Лесной фронт. Дилогия (СИ) - Замковой Алексей Владимирович. Страница 3

Итак, примем за рабочую версию, что я, непонятно каким образом, оказался в 194х году. Судя по всему – лето. Вокруг летают немецкие самолеты. Я был в окрестностях Киева. Хотя очнулся не там, где вырубился, но будем считать, что перенесся только во времени, а не в пространстве. Бомбардировщики летели с сопровождением. Значит, опасаются наших истребителей. Выходит, фронт не особо далеко. Или просто перегоняют самолеты к фронту? Донесшиеся откуда-то издалека отголоски взрывов показали, что правильно первое предположение. Итак, фронт где-то рядом. Бои вокруг Киева шли в 1941-м и в конце 1943 – начале 1944 года. Киев освободили к Дню Революции, а это – ноябрь. Зато взяли его в августе – начале сентября. Сейчас лето. И если фронт недалеко от Киева – сейчас 1941 год. Отхлебнул еще воды и распечатал новую пачку сигарет.

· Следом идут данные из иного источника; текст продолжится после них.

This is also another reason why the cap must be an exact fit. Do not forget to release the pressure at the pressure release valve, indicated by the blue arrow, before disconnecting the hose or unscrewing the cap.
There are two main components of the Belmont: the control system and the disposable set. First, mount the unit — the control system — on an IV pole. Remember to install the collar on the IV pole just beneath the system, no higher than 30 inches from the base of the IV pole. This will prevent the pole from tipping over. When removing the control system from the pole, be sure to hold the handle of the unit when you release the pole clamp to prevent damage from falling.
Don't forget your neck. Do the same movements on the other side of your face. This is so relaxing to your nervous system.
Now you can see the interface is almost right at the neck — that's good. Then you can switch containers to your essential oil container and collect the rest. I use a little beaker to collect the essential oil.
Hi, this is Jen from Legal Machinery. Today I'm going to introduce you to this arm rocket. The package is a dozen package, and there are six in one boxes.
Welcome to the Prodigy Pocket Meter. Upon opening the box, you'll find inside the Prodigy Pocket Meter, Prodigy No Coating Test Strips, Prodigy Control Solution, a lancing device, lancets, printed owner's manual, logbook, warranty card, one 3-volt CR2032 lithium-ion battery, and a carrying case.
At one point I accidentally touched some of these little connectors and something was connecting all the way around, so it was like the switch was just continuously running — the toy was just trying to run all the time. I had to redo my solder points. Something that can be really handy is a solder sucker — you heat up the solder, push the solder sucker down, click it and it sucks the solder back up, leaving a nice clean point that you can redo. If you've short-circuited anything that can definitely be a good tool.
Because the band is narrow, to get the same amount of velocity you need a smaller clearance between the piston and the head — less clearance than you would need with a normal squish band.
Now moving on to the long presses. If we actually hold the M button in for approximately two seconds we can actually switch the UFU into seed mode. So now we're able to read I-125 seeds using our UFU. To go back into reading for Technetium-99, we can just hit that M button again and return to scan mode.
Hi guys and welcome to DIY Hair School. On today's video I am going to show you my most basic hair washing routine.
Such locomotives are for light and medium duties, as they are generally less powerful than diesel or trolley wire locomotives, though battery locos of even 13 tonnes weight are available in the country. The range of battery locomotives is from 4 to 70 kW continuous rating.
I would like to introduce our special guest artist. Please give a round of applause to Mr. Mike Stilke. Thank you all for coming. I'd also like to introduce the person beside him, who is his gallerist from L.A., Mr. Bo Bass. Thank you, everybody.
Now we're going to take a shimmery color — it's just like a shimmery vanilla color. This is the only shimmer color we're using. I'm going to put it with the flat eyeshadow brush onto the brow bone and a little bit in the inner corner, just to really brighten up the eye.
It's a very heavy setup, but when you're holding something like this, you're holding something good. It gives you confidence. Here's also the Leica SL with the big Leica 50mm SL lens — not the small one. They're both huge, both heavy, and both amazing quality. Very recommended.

Что мы знаем про лето 1941 года? 22 июня немцы напали и быстро вынесли нашу линию обороны. Если, конечно, не готовые к реальному бою погранзаставы можно назвать линией обороны. В нашей армии полный бардак, никто не знает, кто где, кто куда и что вообще делать. Немцы наступают быстро, наши отступают чуть медленнее, постоянно оказываясь в окружении, попытки создать линию обороны безуспешны, по дорогам ездят разведотряды и передовые части немцев, по лесам шатаются толпы окруженцев и диверсанты… Что делать лично мне? Первая мысль – свалить подальше. Куда? Нереально. Что еще?.. Можно пробиваться к своим по примеру большинства книжных попаданцев. В этом случае меня ждет долгий поход по лесам, переход через линию фронта со всеми ее прелестями, типа как нашего, так и немецкого охранения, минных полей и так далее. Если даже проскользну – на той стороне фильтр и добрый дядя в форме НКВД. Дядя будет задавать вопросы, а у меня нет ни ответов, ни документов и вообще ничего, кроме странной одежды, явно заграничного производства, и следов удара по голове. Начну рассказывать про будущее – в лучшем случае упекут в дурдом, в худшем – в комфортабельную камеру, где я до конца жизни буду выдавать уже другому дяде из НКВД пророчества о будущем. Начну прикидываться местным – либо расстреляют как шпиона, либо, в суматохе, пропустят и закинут в строевую часть. А этой частью заткнут первую же дыру в обороне, и намотает меня на гусеницы немецкого танка. Значит, вариант пробиваться к своим тоже отпадает.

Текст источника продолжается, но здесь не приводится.